## [The task]
Give back every record below in full and exactly, but without a single image.

## [Data to process]
+ + + + +

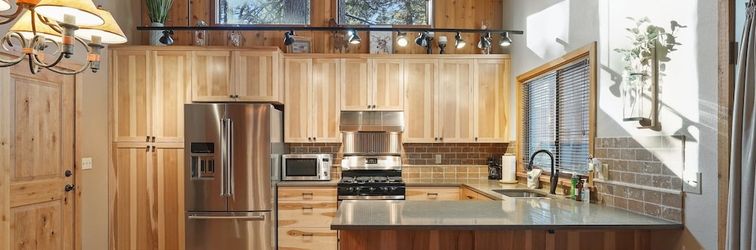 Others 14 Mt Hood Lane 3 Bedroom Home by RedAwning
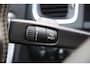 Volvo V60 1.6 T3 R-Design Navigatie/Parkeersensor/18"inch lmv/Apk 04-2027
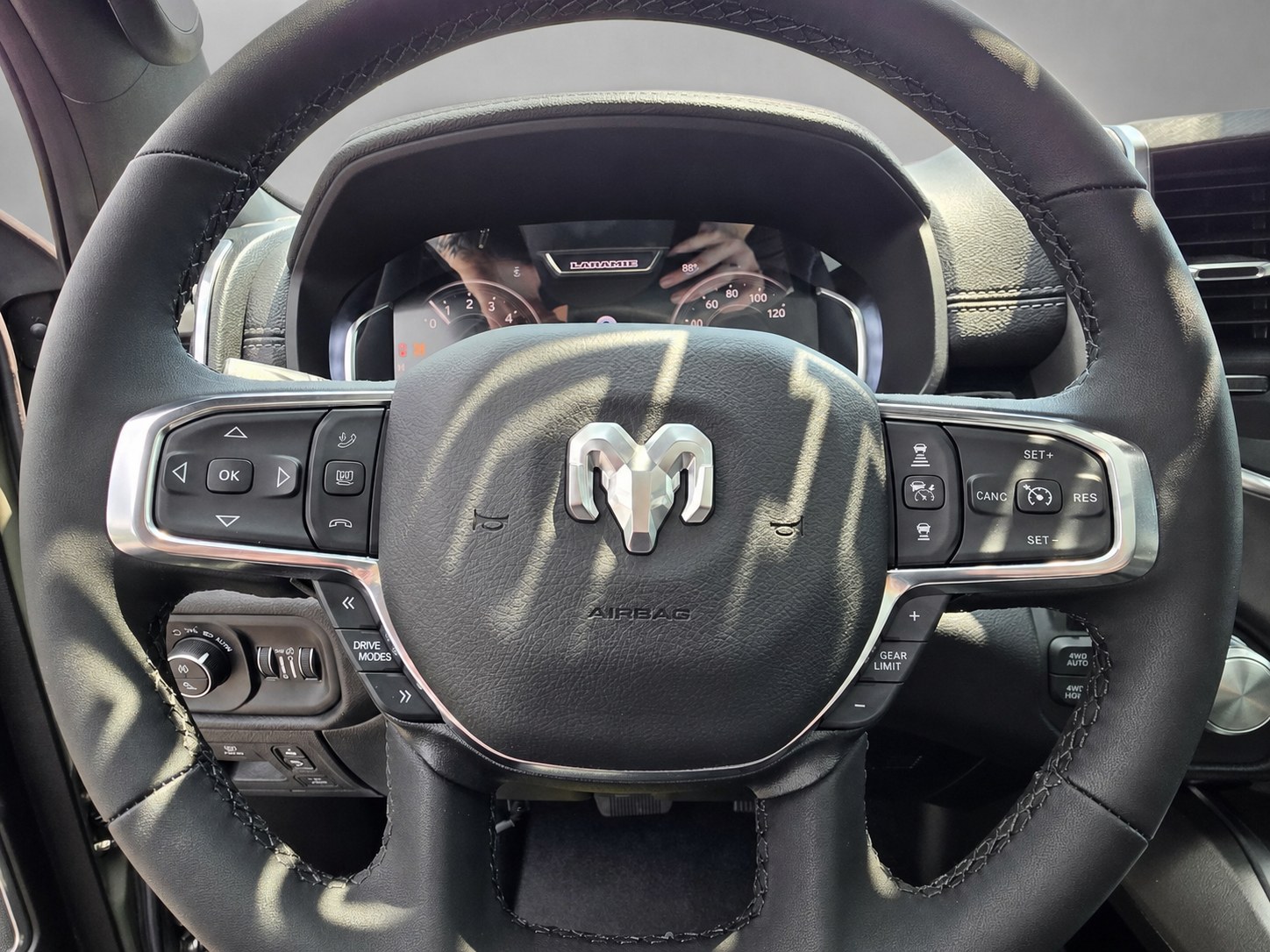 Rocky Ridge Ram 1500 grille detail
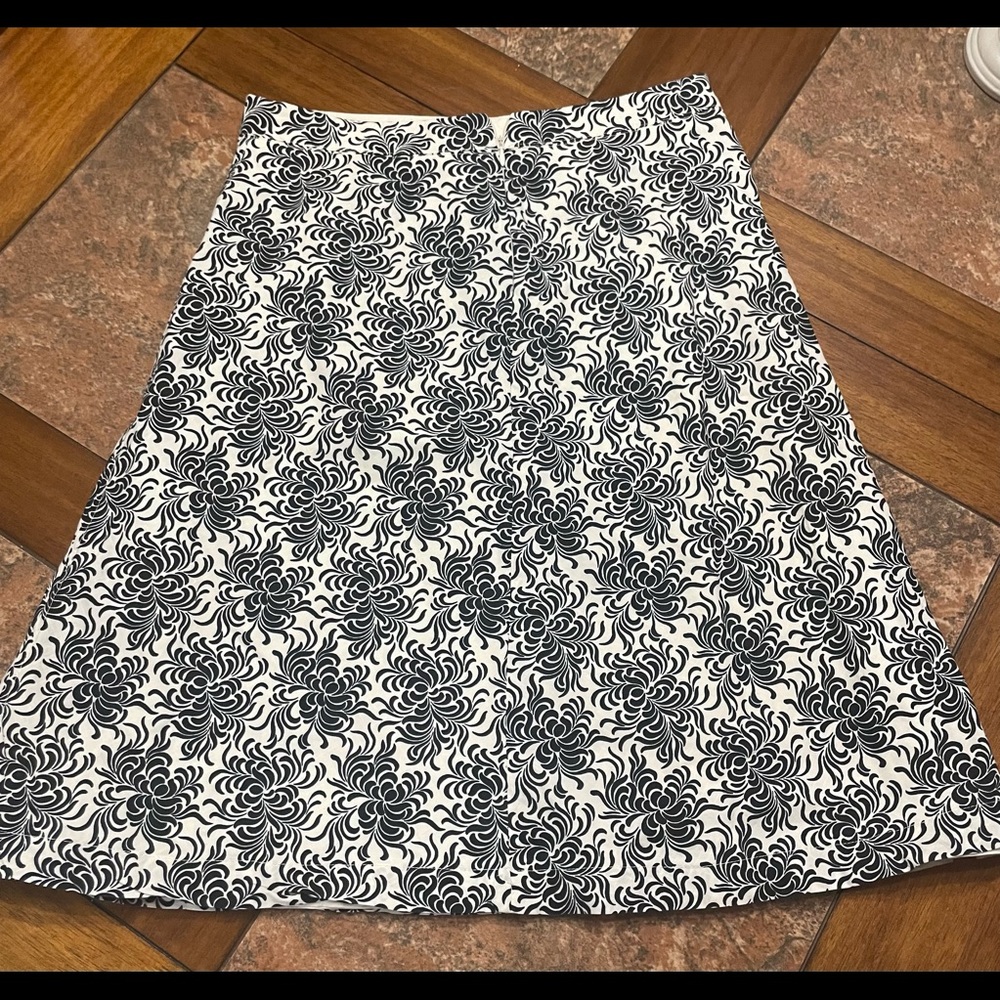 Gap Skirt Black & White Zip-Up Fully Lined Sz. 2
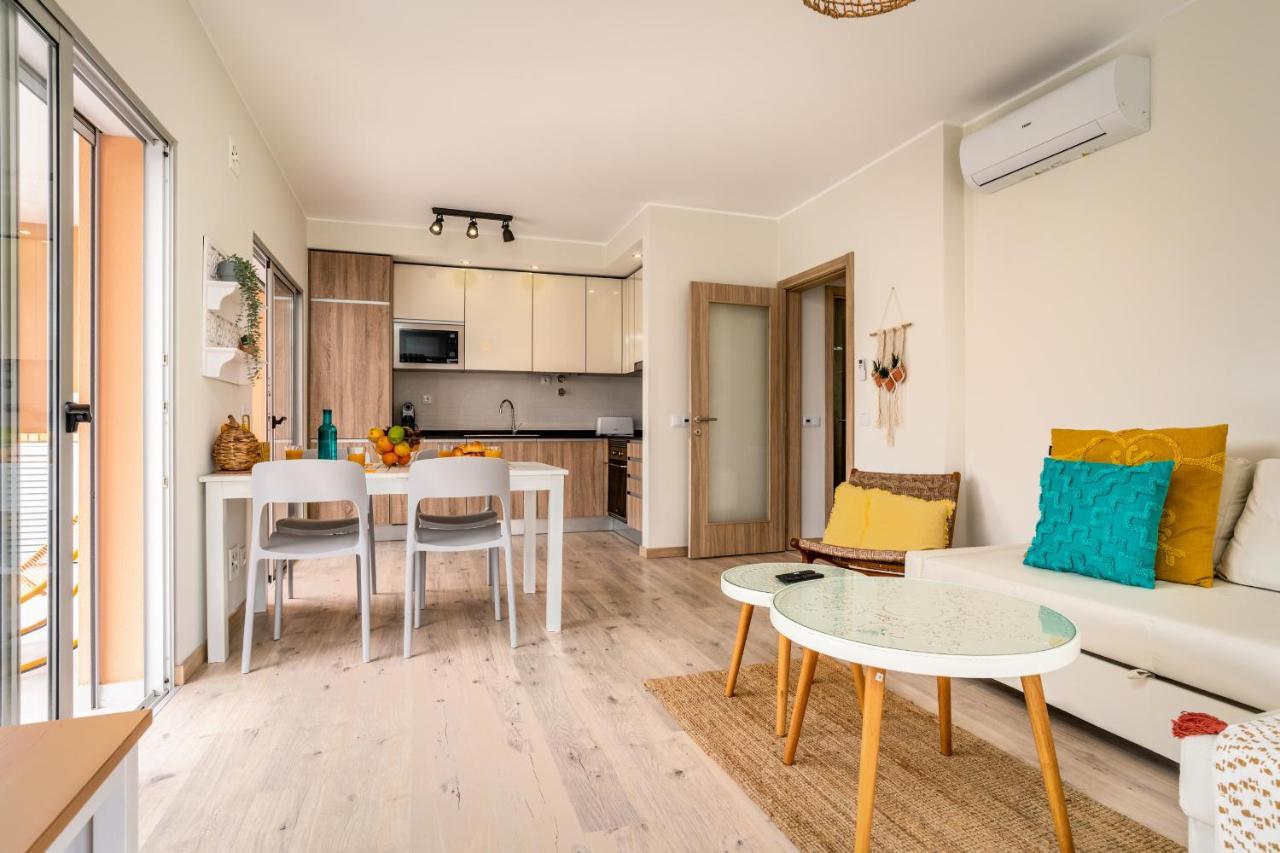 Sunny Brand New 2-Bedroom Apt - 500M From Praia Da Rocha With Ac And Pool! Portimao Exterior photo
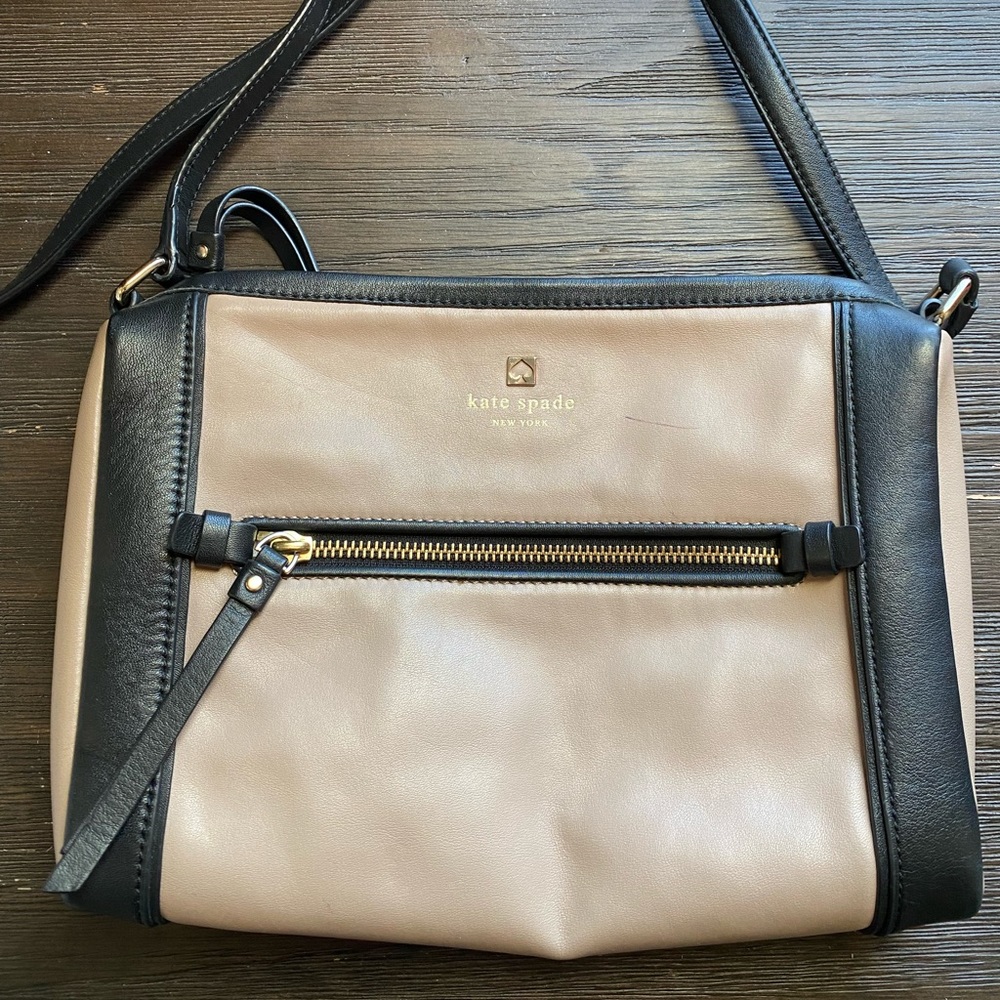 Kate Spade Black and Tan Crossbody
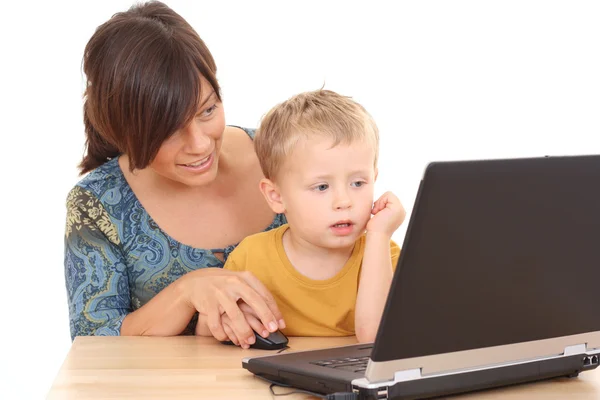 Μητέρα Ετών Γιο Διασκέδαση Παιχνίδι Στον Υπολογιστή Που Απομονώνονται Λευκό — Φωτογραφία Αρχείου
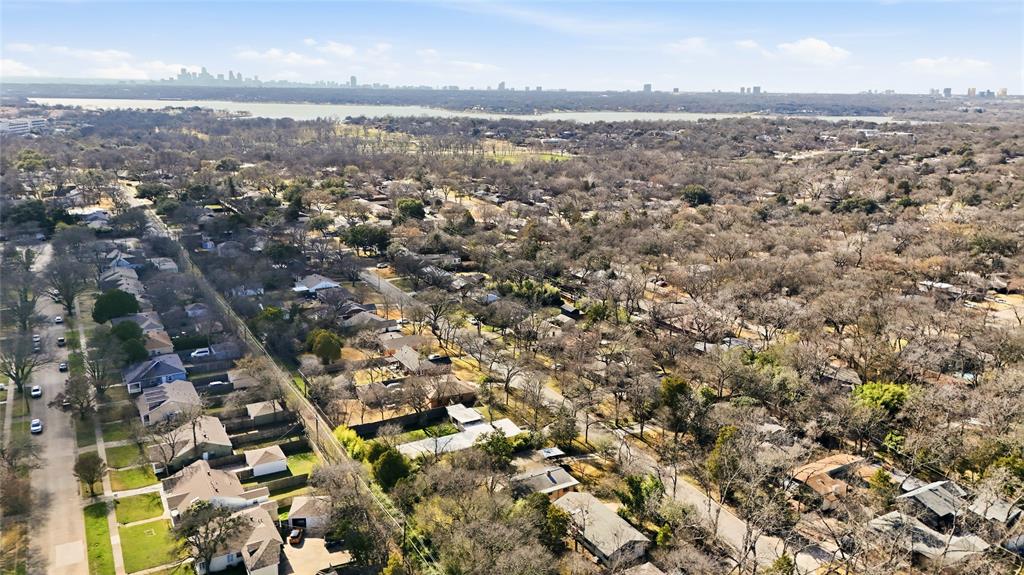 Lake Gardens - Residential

+ + + + +

## [Solution for this problem]
 Others 14 Mt Hood Lane 3 Bedroom Home by RedAwning
 Volvo V60 1.6 T3 R-Design Navigatie/Parkeersensor/18"inch lmv/Apk 04-2027
 Rocky Ridge Ram 1500 grille detail
 Gap Skirt Black & White Zip-Up Fully Lined Sz. 2
 Sunny Brand New 2-Bedroom Apt - 500M From Praia Da Rocha With Ac And Pool! Portimao Exterior photo
 Kate Spade Black and Tan Crossbody
 Μητέρα Ετών Γιο Διασκέδαση Παιχνίδι Στον Υπολογιστή Που Απομονώνονται Λευκό — Φωτογραφία Αρχείου
 Lake Gardens - Residential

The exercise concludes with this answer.